I was similarly confused as to how to do exact inference with libpgm. However, turns out it is possible. For example (from libpgm docs),
import json
from libpgm.graphskeleton import GraphSkeleton
from libpgm.nodedata import NodeData
from libpgm.discretebayesiannetwork import DiscreteBayesianNetwork
from libpgm.tablecpdfactorization import TableCPDFactorization
# load nodedata and graphskeleton
nd = NodeData()
skel = GraphSkeleton()
nd.load("../tests/unittestdict.txt")
skel.load("../tests/unittestdict.txt")
# toporder graph skeleton
skel.toporder()
# load evidence
evidence = dict(Letter='weak')
query = dict(Grade='A')
# load bayesian network
bn = DiscreteBayesianNetwork(skel, nd)
# load factorization
fn = TableCPDFactorization(bn)
# calculate probability distribution
result = fn.condprobve(query, evidence)
# output
print json.dumps(result.vals, indent=2)
print json.dumps(result.scope, indent=2)
print json.dumps(result.card, indent=2)
print json.dumps(result.stride, indent=2)

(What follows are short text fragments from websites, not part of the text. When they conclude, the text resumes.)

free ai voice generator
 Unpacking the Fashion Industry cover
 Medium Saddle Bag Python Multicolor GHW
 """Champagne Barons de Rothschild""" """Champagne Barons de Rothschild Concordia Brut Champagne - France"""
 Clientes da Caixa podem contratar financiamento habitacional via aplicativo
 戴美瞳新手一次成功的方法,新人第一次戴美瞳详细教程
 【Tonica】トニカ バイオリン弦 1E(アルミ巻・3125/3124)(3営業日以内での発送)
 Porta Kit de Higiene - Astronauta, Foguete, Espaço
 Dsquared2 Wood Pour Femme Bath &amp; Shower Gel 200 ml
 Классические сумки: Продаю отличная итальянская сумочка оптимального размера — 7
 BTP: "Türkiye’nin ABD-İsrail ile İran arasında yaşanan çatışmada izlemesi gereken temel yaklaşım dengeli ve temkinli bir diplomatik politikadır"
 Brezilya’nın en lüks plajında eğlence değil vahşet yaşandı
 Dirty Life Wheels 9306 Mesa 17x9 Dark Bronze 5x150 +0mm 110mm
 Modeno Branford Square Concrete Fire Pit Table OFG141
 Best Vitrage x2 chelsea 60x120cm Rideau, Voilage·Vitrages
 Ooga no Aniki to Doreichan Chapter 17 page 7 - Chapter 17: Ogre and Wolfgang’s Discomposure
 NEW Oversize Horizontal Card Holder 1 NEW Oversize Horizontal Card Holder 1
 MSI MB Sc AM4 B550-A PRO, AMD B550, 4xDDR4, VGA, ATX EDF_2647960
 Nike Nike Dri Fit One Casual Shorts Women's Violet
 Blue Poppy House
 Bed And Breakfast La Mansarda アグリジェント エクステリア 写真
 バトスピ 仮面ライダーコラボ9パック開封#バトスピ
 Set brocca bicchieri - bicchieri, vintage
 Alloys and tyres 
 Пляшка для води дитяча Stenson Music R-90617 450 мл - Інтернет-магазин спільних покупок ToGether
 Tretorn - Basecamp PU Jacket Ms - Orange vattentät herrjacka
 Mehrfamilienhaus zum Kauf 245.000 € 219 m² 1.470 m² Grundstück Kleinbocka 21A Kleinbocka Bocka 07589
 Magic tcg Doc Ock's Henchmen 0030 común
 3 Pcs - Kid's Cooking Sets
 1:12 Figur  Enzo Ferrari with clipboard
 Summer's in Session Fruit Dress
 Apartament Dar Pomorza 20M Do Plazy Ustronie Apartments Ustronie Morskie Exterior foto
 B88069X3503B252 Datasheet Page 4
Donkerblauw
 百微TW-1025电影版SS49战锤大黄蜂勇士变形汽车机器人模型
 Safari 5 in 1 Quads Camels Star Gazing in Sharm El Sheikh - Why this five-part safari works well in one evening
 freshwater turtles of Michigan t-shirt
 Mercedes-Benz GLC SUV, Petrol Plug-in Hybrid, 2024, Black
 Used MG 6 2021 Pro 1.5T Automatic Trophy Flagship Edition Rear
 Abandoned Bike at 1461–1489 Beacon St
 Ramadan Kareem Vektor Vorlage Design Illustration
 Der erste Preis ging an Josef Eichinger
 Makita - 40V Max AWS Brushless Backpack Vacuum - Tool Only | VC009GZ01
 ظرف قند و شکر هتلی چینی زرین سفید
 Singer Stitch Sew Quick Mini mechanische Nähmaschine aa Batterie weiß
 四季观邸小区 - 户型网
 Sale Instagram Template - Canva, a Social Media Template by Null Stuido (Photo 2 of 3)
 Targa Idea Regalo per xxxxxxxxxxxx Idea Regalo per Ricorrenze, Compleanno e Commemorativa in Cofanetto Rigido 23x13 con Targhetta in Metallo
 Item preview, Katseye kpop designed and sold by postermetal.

To get the example to work, here is the datafile (I replaced None with null and saved as a .json).
I know this is quite late to the game, but this was the best post I found when searching for a resource to do Bayesian networks with Python. I thought I'd answer in case anyone else is looking for this. (Sorry, would have commented, but just signed up for SO to answer this and rep isn't high enough.)
R's bnlearn has implementations for both Naive Bayes and Tree-augmented Naive Bayes classifiers. You can use rpy2 to port these to Python.
http://cran.r-project.org/web/packages/bnlearn/bnlearn.pdf
There seems to be no such thing yet.
The closest thing currently seems to be eBay's open source implementation bayesian of Belief Networks. It implements inference (two exact ways, and approximate), which means that it can be used to build a TAN. An example (at the moment still an ugly piece of spaghetti code) for that can be found in my open20q repository.
Advantages:
It works.
That is, I now have an implementation of TAN inference, based on bayesian belief network inference.
With Apache 2.0 and 3-clause BSD style licenses respectively, it is legally possible to combine bayesian code and libpgm code to try to get inference and learning to work.
Disadvantages:
There is no learning whatsoever in bayesian. Trying to combine something like libpgm learning with bayesian classes and inference will be a challenge.
Even more so as bayesian assumes that nodes are given by factors which are fixed python functions. Parameter learning requires some wrapping code to enable tweaking the probabilities.
bayesian is written in pure python, using dicts etc. as basic structures, not making use of any speedup numpy, pandas or similar packages might bring, and is therefore quite slow even for the tiny example I build.
I know it's a bit late in the day, but the Octave forge NaN package might be of interest to you. One of the classifiers in this package is an Augmented Naive Bayesian Classifier. The code is GPL'ed so you could easily port it to Python.